By: Angelique Caffrey - Updated: 13 Sep 2010 | comments*Discuss
Resume Criminal Record Cv Curriculum

You may have a criminal record, but that doesn't mean you can never find employment again. However, you'll need to be very selective and savvy when it comes to organising your resume or curriculum vitae (CV) and handling questions during job interviews. Here, we'll look at a few tips that can help you move past your history and into a fulfilling future.

Your CV Layout

If you were recently incarcerated and lost your last position because of your brush with the law, you might want to switch from a reverse-chronological CV to a skills-based one. Though the former is the standard way that most individuals construct their CVs, you may find that the latter style is more appropriate for your needs.

Rather than listing all your jobs by dates of employment (as you would on a reverse chronological CV), you will be highlighting only those positions you held (sans dates) which are appropriate for the job you're now seeking on your skills-based CV.

For example, if the position you'd like is in customer service, your CV "Employment History" section will only focus on jobs you've held that focused on sales, marketing, and/or the public. Thus, if you worked in a different type of industry at some point in your career, you should leave it out.

Be aware, though, that skills-based CVs are not considered the "norm"; however, they can be useful if you want to mask a period of time when you were not gainfully employed (such as during your time in prison or the months after your release.)

If your incarceration occurred many years ago, you may be able to stick with a reverse chronological CV and simply accept that you'll have a "gap" in your employment background. As you move farther in time away from that hole, it will play less and less of a role in determining whether you'll receive an interview. (You may also choose to simply eliminate the dates from your "Employment" segment, though that can raise a few eyebrows.)

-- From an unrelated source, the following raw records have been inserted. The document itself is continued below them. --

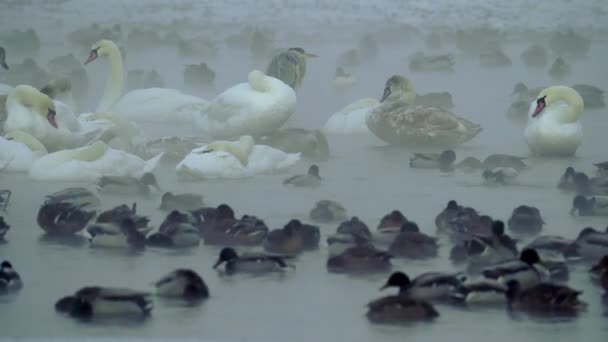 Flock av svanar, ankor som flyter, äter och sover i dimmig, kall vinterflod. — Stockvideo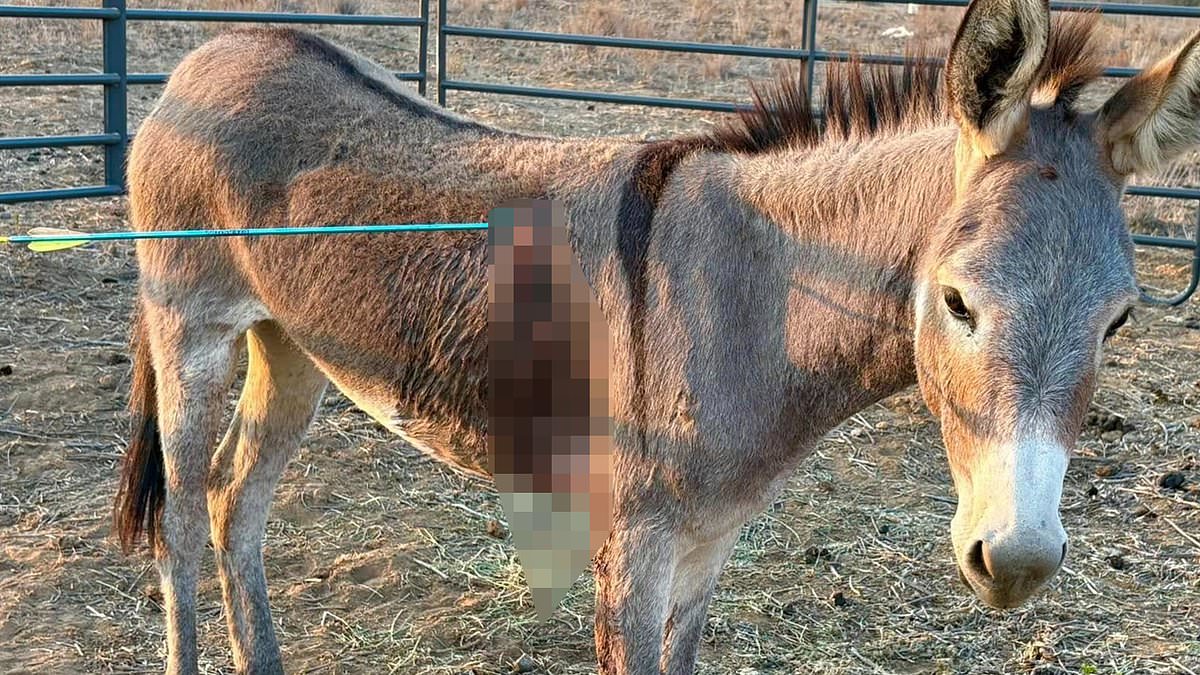 Wild burros in Riverside County struck by arrows in series of attacks; rescue seeks answers
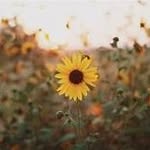 Carissa Rylee Holman - @carissa_r_h_2007 - Instagram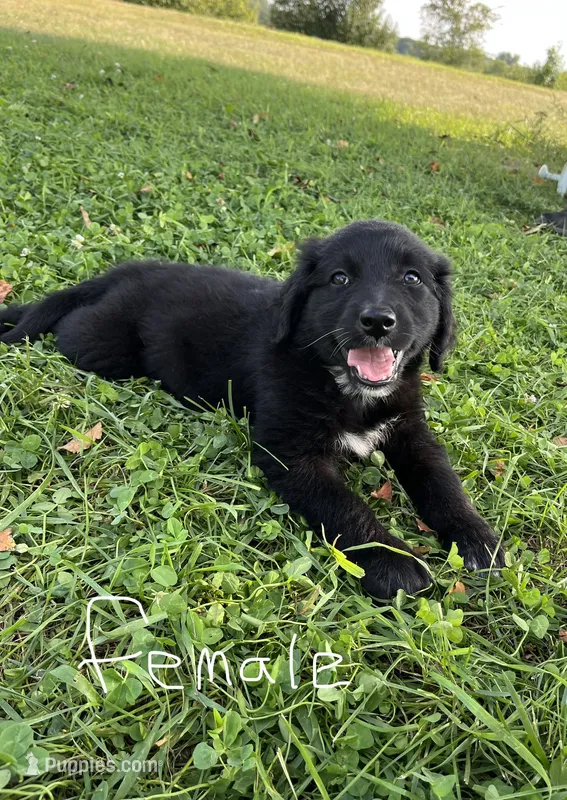Female 4 – Australian Shepherd, Golden Retriever puppy for sale in Dassel, MN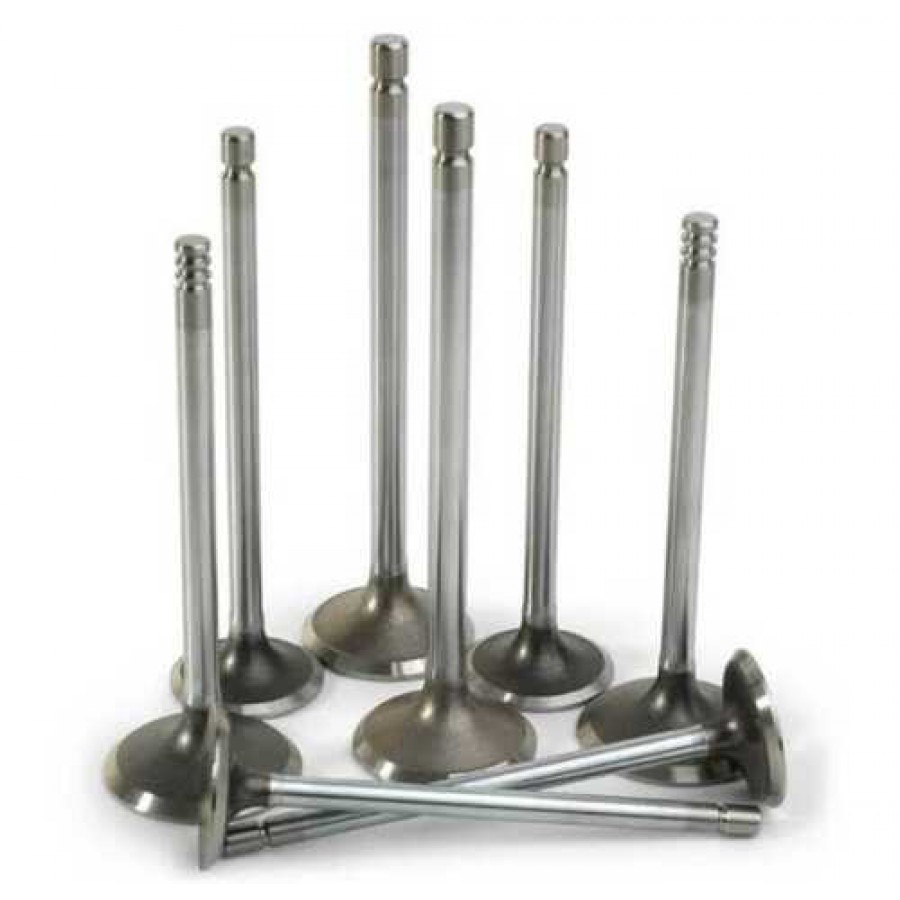 Corrosion Resistant Cast Iron Polished Silver Automotive Engine Valves ...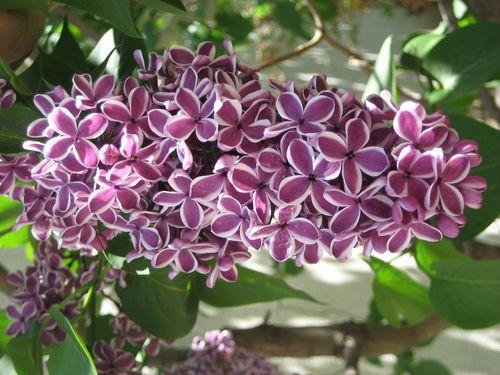 Сирень Сенсация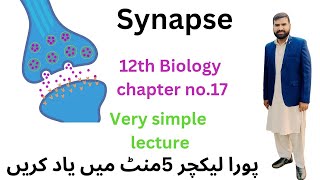 synapse 12 Class biology  synapse in Urdu Hindi 2ndyearbiology [upl. by Lidaa]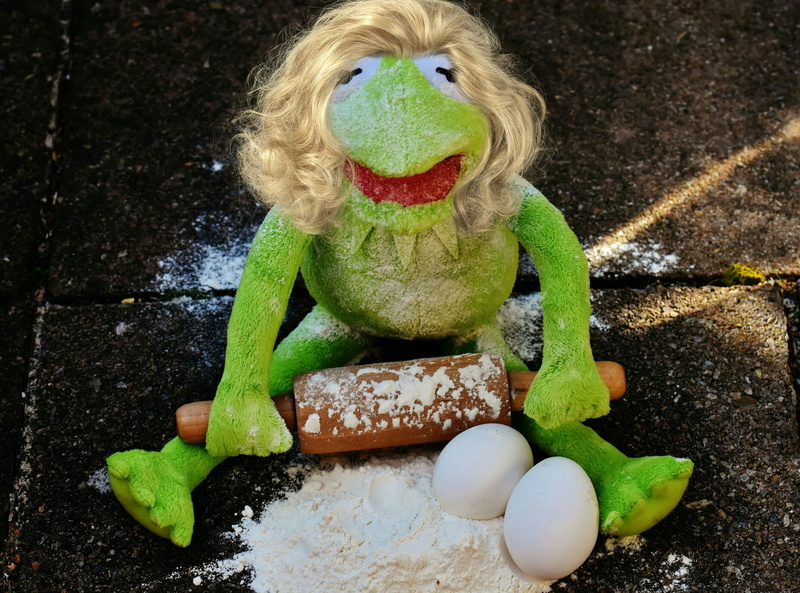 soft toy, day, one person, celebration, creativity, fun, no people, frog, funny, toy, child, directly above, childhood, 2K, one boy only, art and craft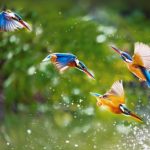 Chết Vì Việc Nghĩa Chet vi viec nghia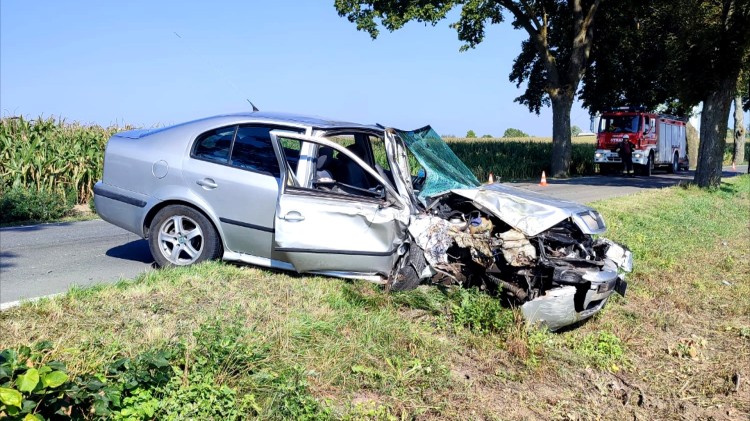 Powiat sztumski. Osobówką w drzewo ? kierowca stracił panowanie nad…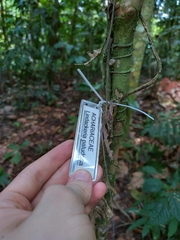 Lindackeria paludosa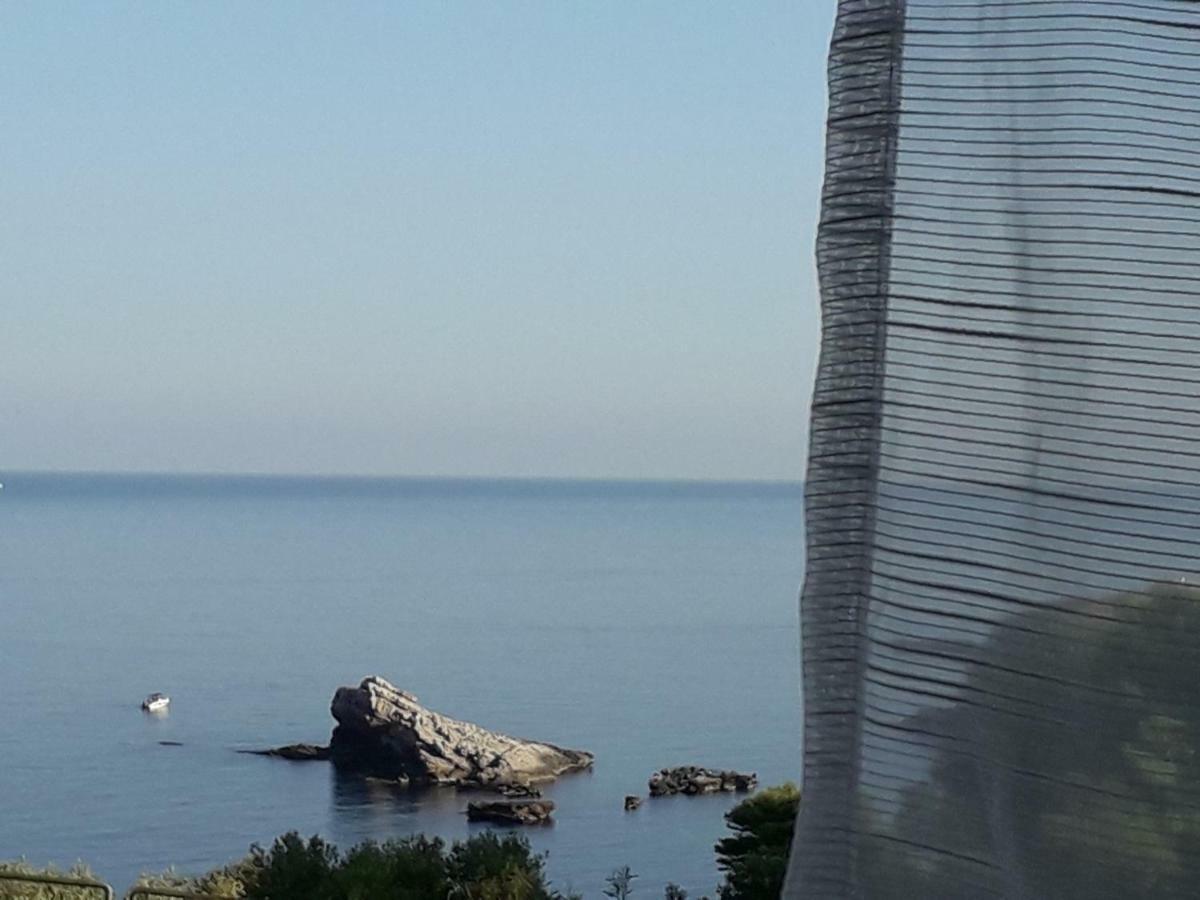 Zabbàra B&B Terrasini Kültér fotó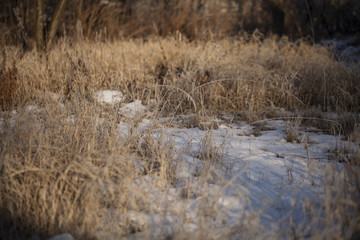 Widoki w zimie © Rafal Kucharek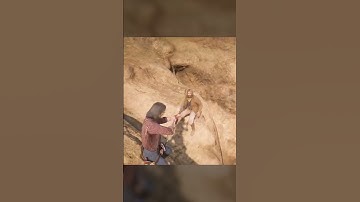 This Game Is Too Funny | Red Dead Redemption 2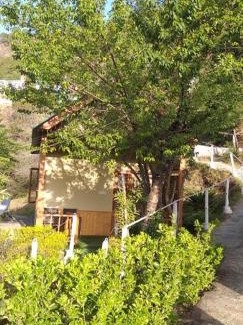 Shimla Complejo | Paradise Village Resort
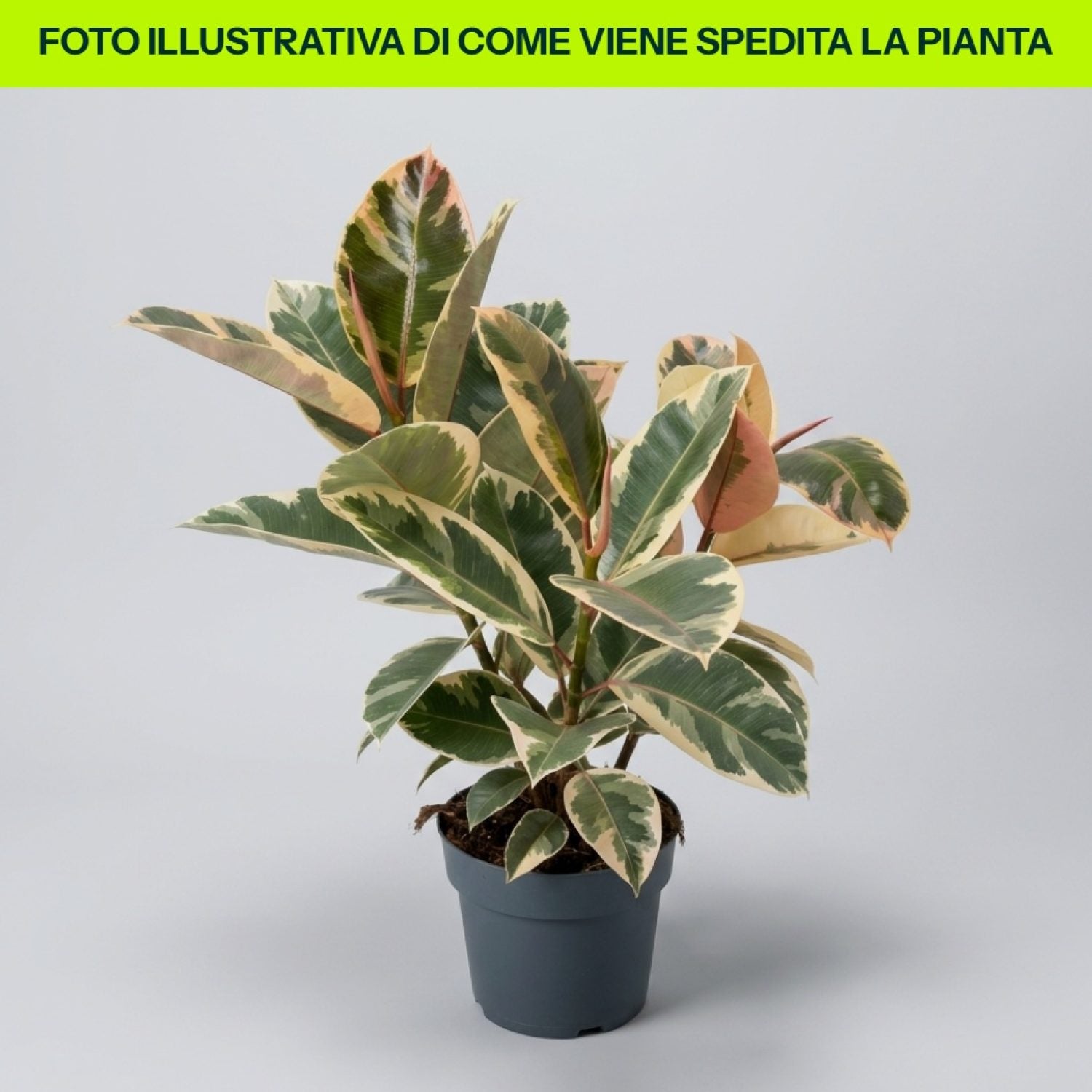 Ficus Tineke in vaso da 17cm
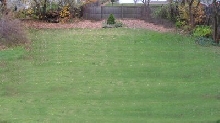 Backyard...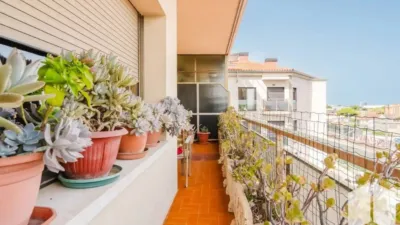 Apartment in Castelldefels photo 12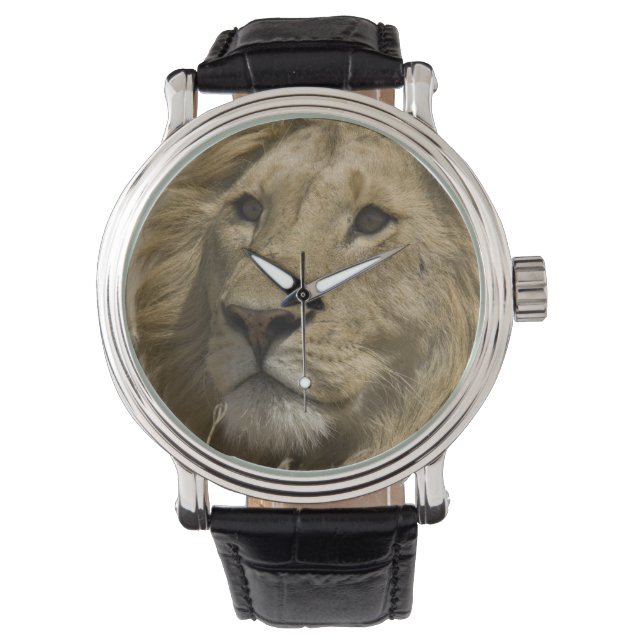 Afrikaanse Leeuw, Panthera leo, Portret van een Horloge (Voorkant)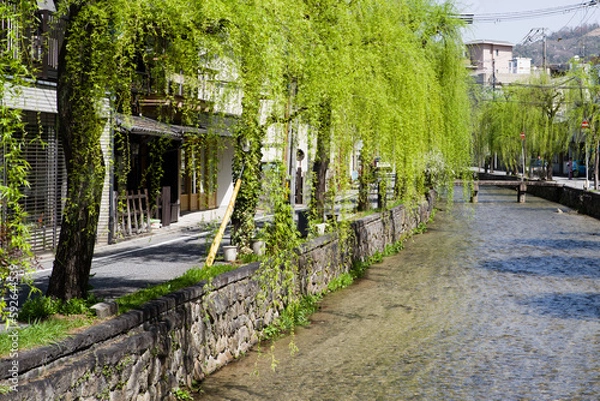 Obraz 京都白河筋の春風景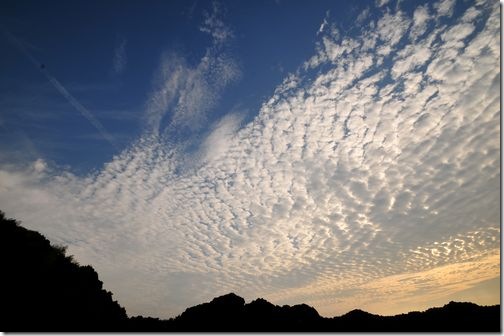 朝の散歩にて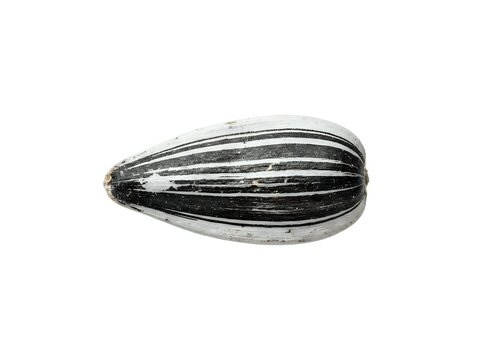Whole zucchini with dark green skin and white striping, isolated on white background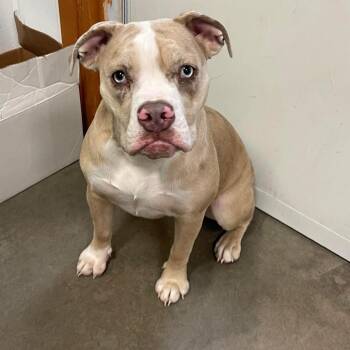 Rescue English Bulldog Dogs for Adoption in Park Falls, Wisconsin - Lacy | PetCurious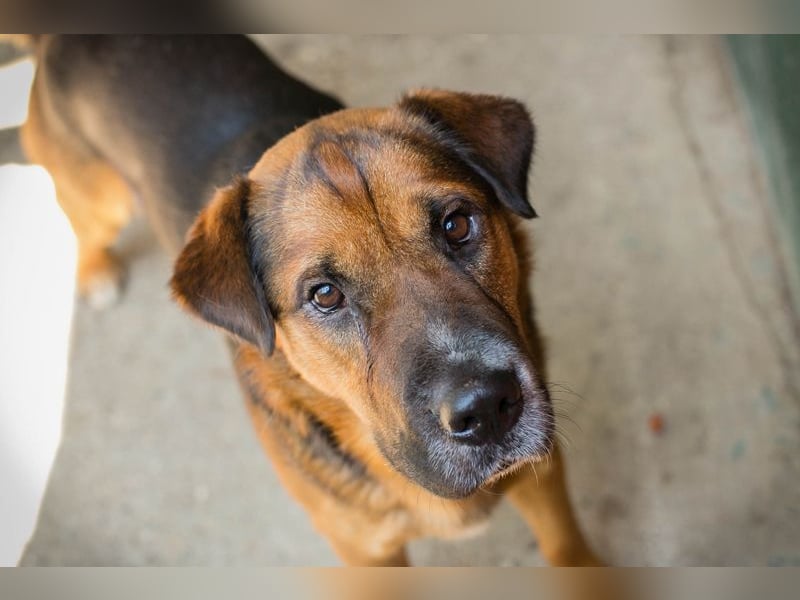 Buddy: Sucht ein Zuhause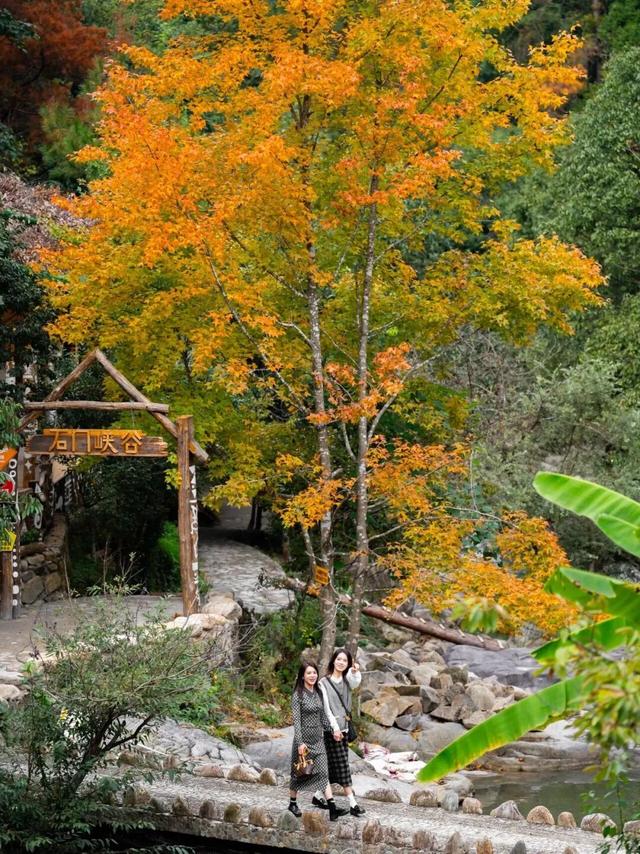 “秋假”第一站！上饶把最美的颜色，“晒”给你看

If you have to fill out a pre-formatted job application, you may be asked if you have ever been imprisoned, fined (other than for a traffic violation), or otherwise penalized as a result of an illegal activity. In this case, it's imperative that you tell the truth. If you simply cannot fathom the thought of others knowing you were jailed, then this is not a position for which you can ethically apply.

Tips for Your Interview

At your job interview, you will be asked many questions, and any gaps in your employment history may come to the forefront of the discussion. Should the talk turn to why you spent time out of the workforce, it's best to remain calm and explain your situation in as matter-of-fact a tone as possible. Rather than becoming indignant, be forthright and assume responsibility for your past.

A good answer to the question of what you have been doing for the past year or so could include:

Unfortunately, I allowed myself to be influenced by others who were not looking out for my or their best interests. As a result, I was arrested and served time. During my incarceration, I had the opportunity to attend many seminars, take classes on leadership, and undergo sessions geared at helping me improve myself. I am actually grateful to have been stopped, because I was headed for a personal train wreck. Today, I am a much more responsible, focused, and humbled individual.

This type of answer is carefully worded to show that you are willing to take responsibility for your past actions and that you wish to move forward with your life without blaming others for your misdeeds. Your interviewer will be left with the impression that you are truly repentant; consequently, that may be enough for him or her to overlook your criminal record and offer you a chance to work for the company.

Discussing Your Past

After you accept employment, it's critical to realize that someone may uncover your past criminal history and want to confront you about it. Plan your response to that inevitability well in advance. "I would rather not discuss it," or, "What would you like to know?" are good responses that put the onus squarely on the inquirer and take some of the focus off of you.

Though having a criminal record is never easy, with time and patience, it will become less of a factor as you work hard and show others that you have, indeed, changed and grown.